French rating cut hits borrowing

Standard and Poor’s cut France’s rating from AA+ to AA, citing poor medium-term growth prospects

8 November 2013

RATINGS agency Standard and Poor's (S&P) has cut France's credit rating to AA from AA+, almost two years after the country lost its top-rated AAA status.

The agency has said the outlook for France was now stable, and said it would explain its decision at a press conference this afternoon.

Finance Minister Pierre Moscovici, said S&P had made "critical and inexact judgments" when analysing the French economy.

He reaffirmed the government’s “complete determination to follow through on pledges to reduce public debt, reestablish competitiveness and support growth and employment”.

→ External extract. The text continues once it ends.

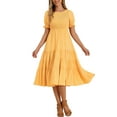 thumbnail image 2 of Vestido de mujer con volantes y fruncidos INSPIRE CHIC, cuello redondo, mangas cortas con elástico, estilo casual A-Line, talla XS, color naranja claro, 2 of 5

S&P said in its statement: "We believe the French government's reforms to taxation, as well as to product, services and labour markets, will not substantially raise France's medium-term growth prospects and that ongoing high unemployment is weakening support for further significant fiscal and structural policy measures."

Ratings agencies analyse the economies of countries to assess their ability to pay back debt.

The decision to cut France’s rating means the government will find it more expensive to borrow money, putting an even greater squeeze on its budget plans.

This morning the cost to France of repaying money on 10-year loans had risen 0.2%.

Prime Minister Jean-Marc Ayrault told France Bleu Provence that the agency had not taken into account all the government’s reforms, notably those regarding retirement.